> PROBLEM DESCRIPTION
Exactly the lines from the start of the data below through the line that contains "Lone tree at" are to be copied, with pictures left out.

[Start of Attachment]

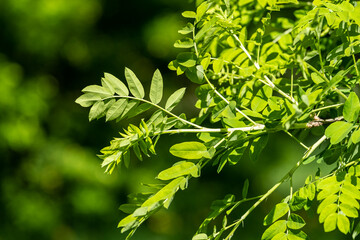 bright green young shoots and leaves of yellow acacia,Caragana arborescens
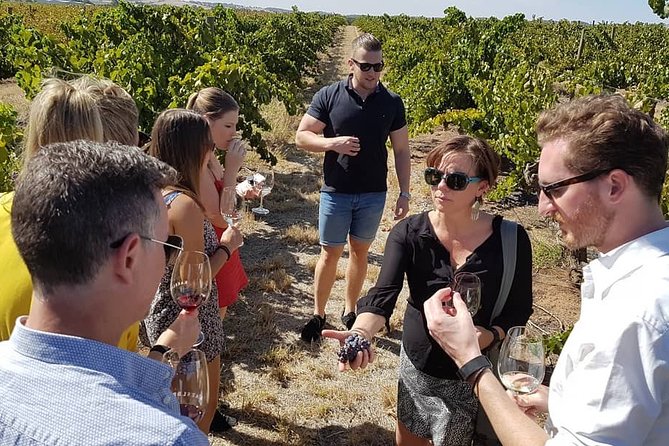 Micro-Group Barossa Valley Wine Tour From Adelaide - Boutique Winery Visits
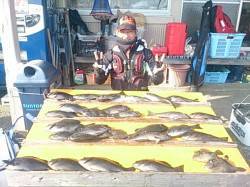 小平瀬や大イナヤなど萩尾の磯グレ好調！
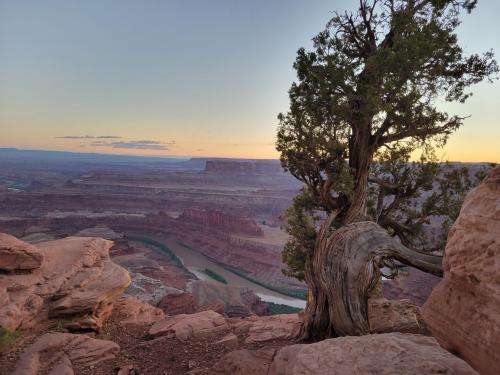 Lone tree at cliff's edge, Dead Horse Point, Utah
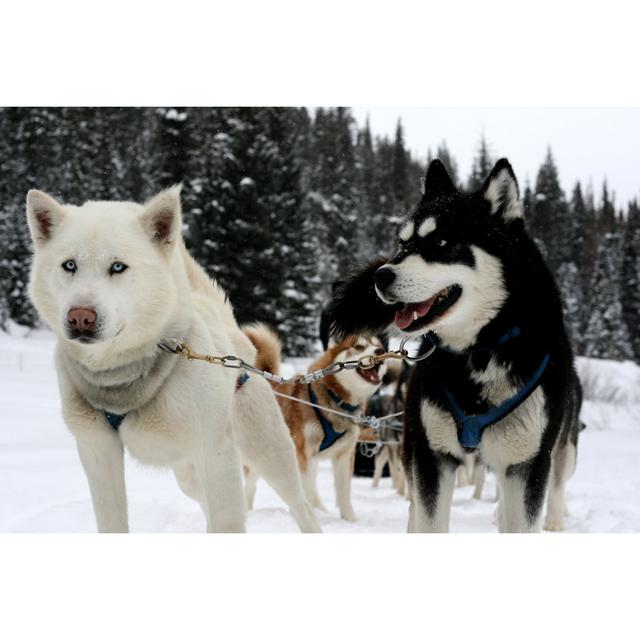 Dog Sledding by Richard Mcmillin - Wrapped Canvas Print Union Rustic Size: 20cm H x 30cm W x 3.8cm D on Productcaster.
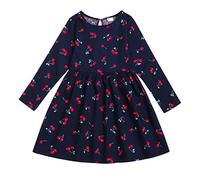 Girls Dress Winter Long Sleeve Dresses Toddler Kids Girls Floral Fruit Flowers Long Sleeves Beach Dress Princess Clothes (Blue, 8-9 Years)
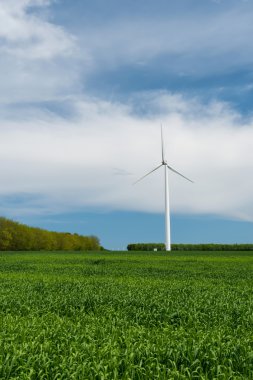 Elektrik üreten buğday ve rüzgar türbinleri yeşil alan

[End of Attachment]

> YOUR SOLUTION
 bright green young shoots and leaves of yellow acacia,Caragana arborescens
 Micro-Group Barossa Valley Wine Tour From Adelaide - Boutique Winery Visits
 小平瀬や大イナヤなど萩尾の磯グレ好調！
 Lone tree at cliff's edge, Dead Horse Point, Utah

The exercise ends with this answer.